=== Section Start ===

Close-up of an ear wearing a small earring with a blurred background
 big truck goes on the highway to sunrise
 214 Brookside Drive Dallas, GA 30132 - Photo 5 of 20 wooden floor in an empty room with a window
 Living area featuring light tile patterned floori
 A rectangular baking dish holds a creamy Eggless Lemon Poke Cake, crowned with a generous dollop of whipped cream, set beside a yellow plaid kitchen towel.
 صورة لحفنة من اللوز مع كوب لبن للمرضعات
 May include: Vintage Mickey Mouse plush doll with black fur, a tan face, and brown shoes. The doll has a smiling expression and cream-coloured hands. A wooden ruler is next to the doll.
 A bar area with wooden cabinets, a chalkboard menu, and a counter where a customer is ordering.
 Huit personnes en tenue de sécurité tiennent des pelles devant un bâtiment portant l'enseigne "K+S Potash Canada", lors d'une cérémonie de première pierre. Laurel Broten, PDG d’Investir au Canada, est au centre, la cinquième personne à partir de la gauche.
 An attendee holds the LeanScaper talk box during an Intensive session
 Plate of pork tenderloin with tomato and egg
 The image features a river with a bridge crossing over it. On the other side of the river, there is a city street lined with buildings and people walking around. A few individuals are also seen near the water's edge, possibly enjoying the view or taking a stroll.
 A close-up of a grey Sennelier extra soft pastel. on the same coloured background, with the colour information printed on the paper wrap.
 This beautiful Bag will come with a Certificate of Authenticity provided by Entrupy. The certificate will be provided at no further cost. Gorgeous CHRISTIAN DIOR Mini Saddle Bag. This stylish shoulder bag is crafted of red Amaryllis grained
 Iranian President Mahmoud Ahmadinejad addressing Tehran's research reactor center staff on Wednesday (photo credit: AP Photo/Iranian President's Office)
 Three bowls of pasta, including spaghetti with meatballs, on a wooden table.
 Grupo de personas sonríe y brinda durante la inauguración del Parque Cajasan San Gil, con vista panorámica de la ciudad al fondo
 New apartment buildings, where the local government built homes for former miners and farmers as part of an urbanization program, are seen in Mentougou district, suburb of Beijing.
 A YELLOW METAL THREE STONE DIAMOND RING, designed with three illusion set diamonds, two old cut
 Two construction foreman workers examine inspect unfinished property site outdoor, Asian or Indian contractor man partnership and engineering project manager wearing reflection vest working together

=== Section End ===

» REQUIREMENT: Would you output, from the records above, exactly the run of lines that starts at the line containing "صورة لحفنة من اللوز مع كوب لبن للمرضعات" and ends at the line containing "A bar area with", and only that run?

» EXERCISE RESULT:
 صورة لحفنة من اللوز مع كوب لبن للمرضعات
 May include: Vintage Mickey Mouse plush doll with black fur, a tan face, and brown shoes. The doll has a smiling expression and cream-coloured hands. A wooden ruler is next to the doll.
 A bar area with wooden cabinets, a chalkboard menu, and a counter where a customer is ordering.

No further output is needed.